-- Opening Marker --

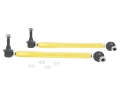 Picture of Whiteline Universal Swaybar Link Kit Heavy Duty Adjustable Steel Ball Joint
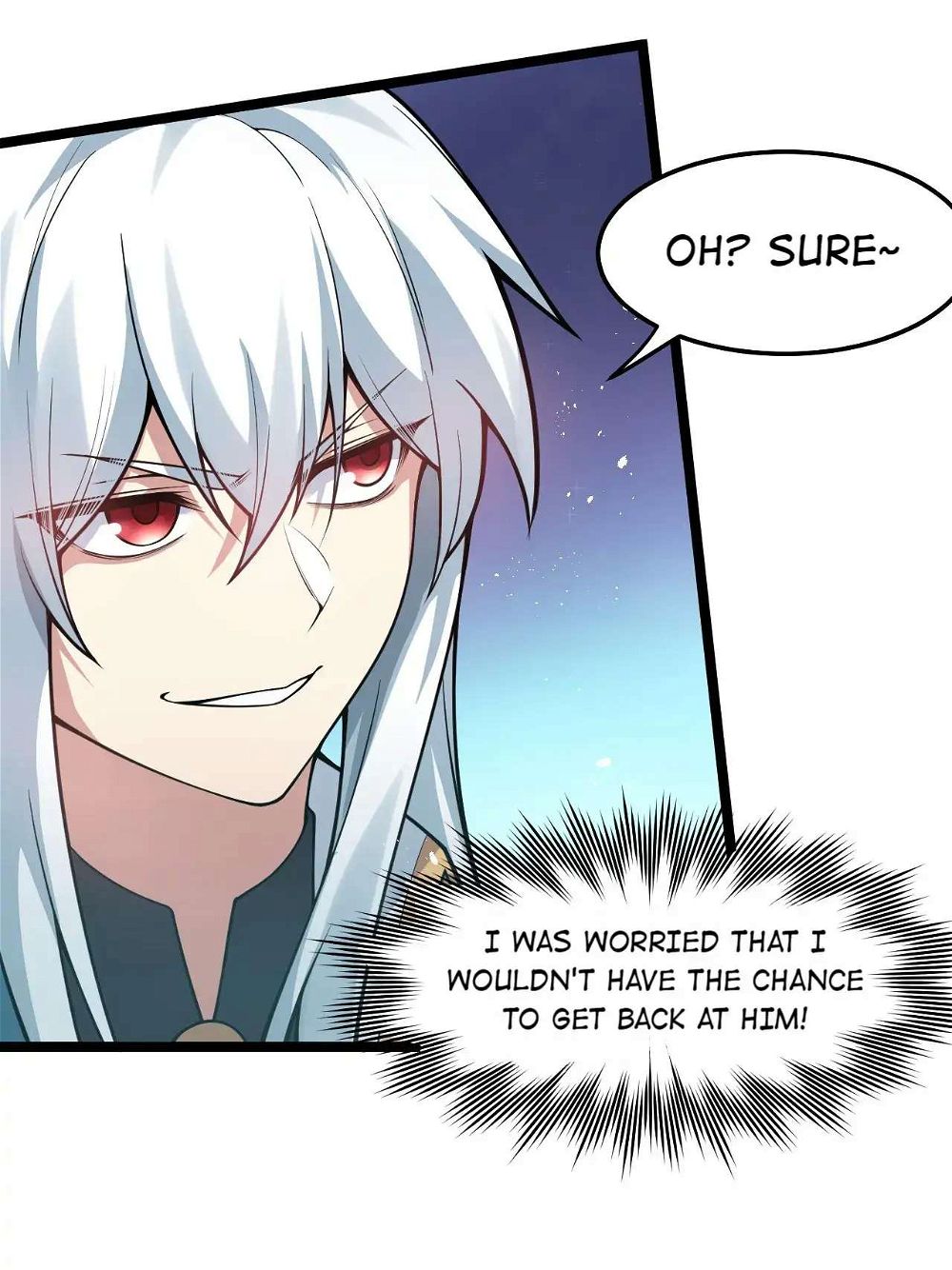 Good Disciple, Have Pity On Your Master! chapter 100 page 24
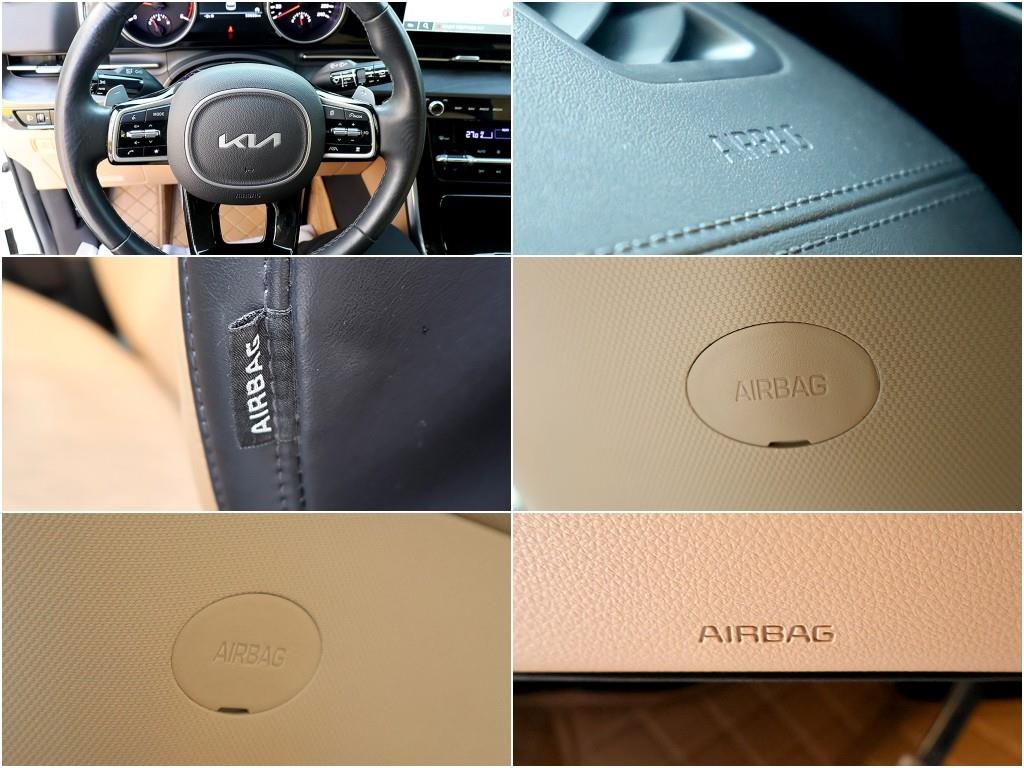 KIA Carnival 2023 Blanco - Importación desde Corea - HF Imports Iquique - Foto 12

-- Closing Marker --

[Aim of the task]:
Retype the listing above exactly, please. Pictures do not belong in the copy.

[Exercise output]:
 Picture of Whiteline Universal Swaybar Link Kit Heavy Duty Adjustable Steel Ball Joint
 Good Disciple, Have Pity On Your Master! chapter 100 page 24
 KIA Carnival 2023 Blanco - Importación desde Corea - HF Imports Iquique - Foto 12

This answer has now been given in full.